• [WHAT YOU WILL DO] Your output should be each line from the material below that has the word "Snapshot".

• [EXTRACTED DATA]
━━━━━━━━━━━━━━━━━━━━━━━━━━━━━━
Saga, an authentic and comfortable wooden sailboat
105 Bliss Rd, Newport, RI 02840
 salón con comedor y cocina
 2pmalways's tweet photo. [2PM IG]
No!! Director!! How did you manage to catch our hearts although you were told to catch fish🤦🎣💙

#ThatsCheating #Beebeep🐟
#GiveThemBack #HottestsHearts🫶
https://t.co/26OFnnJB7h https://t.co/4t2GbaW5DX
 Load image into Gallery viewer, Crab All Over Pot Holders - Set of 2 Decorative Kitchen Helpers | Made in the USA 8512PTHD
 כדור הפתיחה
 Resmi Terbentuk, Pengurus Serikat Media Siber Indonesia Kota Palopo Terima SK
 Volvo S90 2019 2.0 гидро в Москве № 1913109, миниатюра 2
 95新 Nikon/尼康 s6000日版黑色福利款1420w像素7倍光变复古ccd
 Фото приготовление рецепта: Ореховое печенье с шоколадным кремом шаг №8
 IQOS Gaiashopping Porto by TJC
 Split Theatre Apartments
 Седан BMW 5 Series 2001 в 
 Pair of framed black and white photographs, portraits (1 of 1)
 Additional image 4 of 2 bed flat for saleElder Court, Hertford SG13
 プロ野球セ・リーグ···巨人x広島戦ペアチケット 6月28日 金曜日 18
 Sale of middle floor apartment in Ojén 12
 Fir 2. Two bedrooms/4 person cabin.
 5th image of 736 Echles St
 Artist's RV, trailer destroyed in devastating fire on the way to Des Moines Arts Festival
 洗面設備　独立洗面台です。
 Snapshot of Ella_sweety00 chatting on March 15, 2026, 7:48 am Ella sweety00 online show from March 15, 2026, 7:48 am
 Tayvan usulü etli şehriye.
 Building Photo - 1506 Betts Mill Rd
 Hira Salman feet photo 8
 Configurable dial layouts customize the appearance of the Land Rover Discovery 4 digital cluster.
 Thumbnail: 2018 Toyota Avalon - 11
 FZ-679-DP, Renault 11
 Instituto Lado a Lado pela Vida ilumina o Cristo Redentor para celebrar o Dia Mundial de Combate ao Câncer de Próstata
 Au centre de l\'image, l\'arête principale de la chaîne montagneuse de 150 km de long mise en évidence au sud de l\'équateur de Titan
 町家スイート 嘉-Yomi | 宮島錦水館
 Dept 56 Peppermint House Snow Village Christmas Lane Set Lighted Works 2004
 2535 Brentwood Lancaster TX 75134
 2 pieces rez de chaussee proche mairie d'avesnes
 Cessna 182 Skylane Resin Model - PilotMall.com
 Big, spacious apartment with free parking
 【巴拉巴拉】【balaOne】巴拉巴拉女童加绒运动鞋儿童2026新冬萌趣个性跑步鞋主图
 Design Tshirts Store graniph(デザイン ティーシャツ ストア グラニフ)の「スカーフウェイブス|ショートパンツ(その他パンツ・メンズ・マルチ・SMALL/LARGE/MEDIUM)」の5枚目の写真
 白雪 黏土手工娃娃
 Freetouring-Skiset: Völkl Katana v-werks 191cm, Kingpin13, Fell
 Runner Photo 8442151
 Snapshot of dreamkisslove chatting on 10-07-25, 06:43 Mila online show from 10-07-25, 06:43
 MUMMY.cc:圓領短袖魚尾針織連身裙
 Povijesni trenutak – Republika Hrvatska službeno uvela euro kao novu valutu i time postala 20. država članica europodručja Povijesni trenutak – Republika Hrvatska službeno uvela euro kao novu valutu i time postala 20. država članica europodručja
━━━━━━━━━━━━━━━━━━━━━━━━━━━━━━
• [SOLUTION TO THE PROBLEM]
 Snapshot of Ella_sweety00 chatting on March 15, 2026, 7:48 am Ella sweety00 online show from March 15, 2026, 7:48 am
 Snapshot of dreamkisslove chatting on 10-07-25, 06:43 Mila online show from 10-07-25, 06:43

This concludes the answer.